The revised estimates of national income for 2011-12 released by the Central Statistics Office (CSO) on Thursday revealed that GFCF has fallen to 29.5 per cent of GDP at current prices for that year.

This is the first time that GFCF has gone below 30 per cent since 2004-05, compounding problems for the Government, which is already buffeted by such challenges as reform inertia and criticism over retroactive changes to income-tax law.

The economy registered a lower-than-anticipated growth of 5.3 per cent in the fourth quarter of 2011-12, confirming that slowdown in Asia's third largest economy is deepening. In the same quarter last year, the economy had clocked 9.2 per cent growth.

Hurt by investment slowdown and weak manufacturing performance, the growth estimate for 2011-12 has been revised downward to 6.5 per cent, lower than the advance estimate of 6.9 per cent put out by the CSO in February. The economy grew 8.4 per cent in 2010-11. The fourth quarter GDP growth for 2011-12 was pulled down by weak manufacturing sector performance which contracted 0.3 per cent against 7.3 per cent growth in the same quarter last year.

The Finance Minister, Mr Pranab Mukherjee, described the figures as “disappointing” and blamed the RBI's tight monetary policy, weak global sentiments and environmental policy bottlenecks in mining.

He, however, said that most of these factors had bottomed out.

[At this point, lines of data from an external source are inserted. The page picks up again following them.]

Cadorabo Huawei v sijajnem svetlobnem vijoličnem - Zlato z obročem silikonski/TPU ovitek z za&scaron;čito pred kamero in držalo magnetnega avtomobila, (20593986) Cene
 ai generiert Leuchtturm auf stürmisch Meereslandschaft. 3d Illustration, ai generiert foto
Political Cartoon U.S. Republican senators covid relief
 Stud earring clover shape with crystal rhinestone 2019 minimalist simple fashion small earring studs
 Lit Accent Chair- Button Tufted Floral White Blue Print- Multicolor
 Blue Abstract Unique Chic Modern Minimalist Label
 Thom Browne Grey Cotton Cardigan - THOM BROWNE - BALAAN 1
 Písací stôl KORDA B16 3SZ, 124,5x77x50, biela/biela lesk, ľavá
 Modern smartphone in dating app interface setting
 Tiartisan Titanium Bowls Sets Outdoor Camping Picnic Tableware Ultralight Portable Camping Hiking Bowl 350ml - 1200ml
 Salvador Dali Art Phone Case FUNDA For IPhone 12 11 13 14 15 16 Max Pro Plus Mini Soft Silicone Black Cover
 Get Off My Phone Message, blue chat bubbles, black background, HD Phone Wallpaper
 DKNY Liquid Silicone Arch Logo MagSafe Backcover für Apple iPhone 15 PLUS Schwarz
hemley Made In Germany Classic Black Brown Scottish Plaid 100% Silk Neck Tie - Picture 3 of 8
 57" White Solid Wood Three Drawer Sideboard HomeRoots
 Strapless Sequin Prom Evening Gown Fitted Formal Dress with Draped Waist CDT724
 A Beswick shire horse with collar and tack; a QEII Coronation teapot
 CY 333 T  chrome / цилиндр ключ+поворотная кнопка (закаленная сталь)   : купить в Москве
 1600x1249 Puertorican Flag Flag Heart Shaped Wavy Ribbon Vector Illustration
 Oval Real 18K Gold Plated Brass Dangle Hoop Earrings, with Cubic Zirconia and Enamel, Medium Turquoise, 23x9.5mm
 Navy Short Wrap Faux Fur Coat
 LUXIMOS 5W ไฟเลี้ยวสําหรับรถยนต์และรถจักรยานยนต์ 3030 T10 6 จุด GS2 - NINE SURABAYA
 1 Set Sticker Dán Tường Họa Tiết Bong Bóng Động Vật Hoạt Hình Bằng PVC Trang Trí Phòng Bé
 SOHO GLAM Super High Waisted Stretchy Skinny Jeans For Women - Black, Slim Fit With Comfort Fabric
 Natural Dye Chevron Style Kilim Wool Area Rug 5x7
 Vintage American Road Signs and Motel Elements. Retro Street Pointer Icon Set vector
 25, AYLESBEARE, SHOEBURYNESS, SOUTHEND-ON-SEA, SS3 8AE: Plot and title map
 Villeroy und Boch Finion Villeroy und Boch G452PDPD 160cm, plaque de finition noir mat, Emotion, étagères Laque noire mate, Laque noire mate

The rate cycle has been reversed; mining sector growth has turned around; progress has been made on fuel linkage for coal-based power projects; there is a turnaround in the investment rate (gross fixed capital formation) in the fourth quarter and normal south-west monsoon has been predicted for 2012-13. All these should help in the recovery of growth momentum, he said.

The disappointing news on GDP growth numbers came on a day the rupee hit a new low of Rs 56.50 against the dollar. The benchmark Sensex managed to hold up despite the below-than-expected GDP figures and ended the day down 93 points after plunging over 148 points in early trade.

Another data point that reflected a slowdown was core sector growth for April. The growth rate of eight infrastructure sectors output slowed to 2.2 per cent from 4.2 per cent in the same month last year. Poor performance of crude oil, natural gas, petroleum refinery products and fertilisers weighed down the numbers.